-- Record excerpts --
────────────────────────────────────────
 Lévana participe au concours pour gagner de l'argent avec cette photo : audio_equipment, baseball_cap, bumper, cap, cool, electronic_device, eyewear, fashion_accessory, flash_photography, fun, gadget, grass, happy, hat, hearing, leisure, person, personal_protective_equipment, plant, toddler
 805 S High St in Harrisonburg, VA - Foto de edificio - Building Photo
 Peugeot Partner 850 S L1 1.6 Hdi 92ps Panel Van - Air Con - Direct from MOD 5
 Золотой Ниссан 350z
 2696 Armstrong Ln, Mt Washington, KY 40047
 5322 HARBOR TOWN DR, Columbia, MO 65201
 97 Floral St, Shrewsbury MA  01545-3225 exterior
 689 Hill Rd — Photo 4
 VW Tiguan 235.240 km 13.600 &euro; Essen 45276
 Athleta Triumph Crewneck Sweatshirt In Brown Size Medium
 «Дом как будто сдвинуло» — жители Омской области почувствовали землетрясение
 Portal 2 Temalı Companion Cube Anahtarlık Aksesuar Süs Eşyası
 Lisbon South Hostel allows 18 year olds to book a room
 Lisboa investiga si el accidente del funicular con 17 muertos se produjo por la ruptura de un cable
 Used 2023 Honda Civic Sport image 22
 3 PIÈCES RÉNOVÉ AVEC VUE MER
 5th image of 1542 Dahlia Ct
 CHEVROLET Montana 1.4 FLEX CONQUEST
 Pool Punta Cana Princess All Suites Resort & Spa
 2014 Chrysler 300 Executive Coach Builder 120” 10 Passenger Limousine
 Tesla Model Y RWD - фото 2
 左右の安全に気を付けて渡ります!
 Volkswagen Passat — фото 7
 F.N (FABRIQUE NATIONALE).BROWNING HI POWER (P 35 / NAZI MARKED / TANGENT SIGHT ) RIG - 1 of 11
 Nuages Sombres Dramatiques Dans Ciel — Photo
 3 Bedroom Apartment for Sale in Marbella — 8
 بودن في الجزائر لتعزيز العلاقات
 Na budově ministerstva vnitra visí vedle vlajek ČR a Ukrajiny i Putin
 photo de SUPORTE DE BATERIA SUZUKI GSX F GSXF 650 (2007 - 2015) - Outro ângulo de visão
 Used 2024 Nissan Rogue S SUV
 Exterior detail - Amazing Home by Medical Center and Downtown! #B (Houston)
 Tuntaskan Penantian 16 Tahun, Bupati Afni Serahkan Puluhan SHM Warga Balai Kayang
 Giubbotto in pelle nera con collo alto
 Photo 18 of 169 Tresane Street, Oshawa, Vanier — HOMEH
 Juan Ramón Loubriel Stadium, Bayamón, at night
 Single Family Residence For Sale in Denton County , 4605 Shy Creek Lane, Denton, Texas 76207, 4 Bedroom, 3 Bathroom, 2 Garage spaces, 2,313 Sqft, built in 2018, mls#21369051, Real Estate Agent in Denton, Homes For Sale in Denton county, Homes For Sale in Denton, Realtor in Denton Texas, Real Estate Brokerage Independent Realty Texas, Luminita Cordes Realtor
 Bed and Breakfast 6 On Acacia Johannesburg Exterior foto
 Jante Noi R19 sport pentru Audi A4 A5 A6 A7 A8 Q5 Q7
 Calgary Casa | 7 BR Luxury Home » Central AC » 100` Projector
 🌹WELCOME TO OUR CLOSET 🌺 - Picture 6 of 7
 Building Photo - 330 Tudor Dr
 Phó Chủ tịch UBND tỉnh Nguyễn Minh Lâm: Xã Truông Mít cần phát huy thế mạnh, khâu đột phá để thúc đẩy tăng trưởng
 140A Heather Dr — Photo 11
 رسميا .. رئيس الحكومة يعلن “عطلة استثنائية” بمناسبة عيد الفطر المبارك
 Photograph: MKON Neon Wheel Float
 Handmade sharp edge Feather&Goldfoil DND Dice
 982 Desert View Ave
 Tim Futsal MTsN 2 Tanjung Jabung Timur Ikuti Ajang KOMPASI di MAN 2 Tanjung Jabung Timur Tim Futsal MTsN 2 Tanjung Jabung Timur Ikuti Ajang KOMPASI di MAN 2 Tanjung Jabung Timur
────────────────────────────────────────
Set down the material above exactly, in full.

-- Answer --
 Lévana participe au concours pour gagner de l'argent avec cette photo : audio_equipment, baseball_cap, bumper, cap, cool, electronic_device, eyewear, fashion_accessory, flash_photography, fun, gadget, grass, happy, hat, hearing, leisure, person, personal_protective_equipment, plant, toddler
 805 S High St in Harrisonburg, VA - Foto de edificio - Building Photo
 Peugeot Partner 850 S L1 1.6 Hdi 92ps Panel Van - Air Con - Direct from MOD 5
 Золотой Ниссан 350z
 2696 Armstrong Ln, Mt Washington, KY 40047
 5322 HARBOR TOWN DR, Columbia, MO 65201
 97 Floral St, Shrewsbury MA  01545-3225 exterior
 689 Hill Rd — Photo 4
 VW Tiguan 235.240 km 13.600 &euro; Essen 45276
 Athleta Triumph Crewneck Sweatshirt In Brown Size Medium
 «Дом как будто сдвинуло» — жители Омской области почувствовали землетрясение
 Portal 2 Temalı Companion Cube Anahtarlık Aksesuar Süs Eşyası
 Lisbon South Hostel allows 18 year olds to book a room
 Lisboa investiga si el accidente del funicular con 17 muertos se produjo por la ruptura de un cable
 Used 2023 Honda Civic Sport image 22
 3 PIÈCES RÉNOVÉ AVEC VUE MER
 5th image of 1542 Dahlia Ct
 CHEVROLET Montana 1.4 FLEX CONQUEST
 Pool Punta Cana Princess All Suites Resort & Spa
 2014 Chrysler 300 Executive Coach Builder 120” 10 Passenger Limousine
 Tesla Model Y RWD - фото 2
 左右の安全に気を付けて渡ります!
 Volkswagen Passat — фото 7
 F.N (FABRIQUE NATIONALE).BROWNING HI POWER (P 35 / NAZI MARKED / TANGENT SIGHT ) RIG - 1 of 11
 Nuages Sombres Dramatiques Dans Ciel — Photo
 3 Bedroom Apartment for Sale in Marbella — 8
 بودن في الجزائر لتعزيز العلاقات
 Na budově ministerstva vnitra visí vedle vlajek ČR a Ukrajiny i Putin
 photo de SUPORTE DE BATERIA SUZUKI GSX F GSXF 650 (2007 - 2015) - Outro ângulo de visão
 Used 2024 Nissan Rogue S SUV
 Exterior detail - Amazing Home by Medical Center and Downtown! #B (Houston)
 Tuntaskan Penantian 16 Tahun, Bupati Afni Serahkan Puluhan SHM Warga Balai Kayang
 Giubbotto in pelle nera con collo alto
 Photo 18 of 169 Tresane Street, Oshawa, Vanier — HOMEH
 Juan Ramón Loubriel Stadium, Bayamón, at night
 Single Family Residence For Sale in Denton County , 4605 Shy Creek Lane, Denton, Texas 76207, 4 Bedroom, 3 Bathroom, 2 Garage spaces, 2,313 Sqft, built in 2018, mls#21369051, Real Estate Agent in Denton, Homes For Sale in Denton county, Homes For Sale in Denton, Realtor in Denton Texas, Real Estate Brokerage Independent Realty Texas, Luminita Cordes Realtor
 Bed and Breakfast 6 On Acacia Johannesburg Exterior foto
 Jante Noi R19 sport pentru Audi A4 A5 A6 A7 A8 Q5 Q7
 Calgary Casa | 7 BR Luxury Home » Central AC » 100` Projector
 🌹WELCOME TO OUR CLOSET 🌺 - Picture 6 of 7
 Building Photo - 330 Tudor Dr
 Phó Chủ tịch UBND tỉnh Nguyễn Minh Lâm: Xã Truông Mít cần phát huy thế mạnh, khâu đột phá để thúc đẩy tăng trưởng
 140A Heather Dr — Photo 11
 رسميا .. رئيس الحكومة يعلن “عطلة استثنائية” بمناسبة عيد الفطر المبارك
 Photograph: MKON Neon Wheel Float
 Handmade sharp edge Feather&Goldfoil DND Dice
 982 Desert View Ave
 Tim Futsal MTsN 2 Tanjung Jabung Timur Ikuti Ajang KOMPASI di MAN 2 Tanjung Jabung Timur Tim Futsal MTsN 2 Tanjung Jabung Timur Ikuti Ajang KOMPASI di MAN 2 Tanjung Jabung Timur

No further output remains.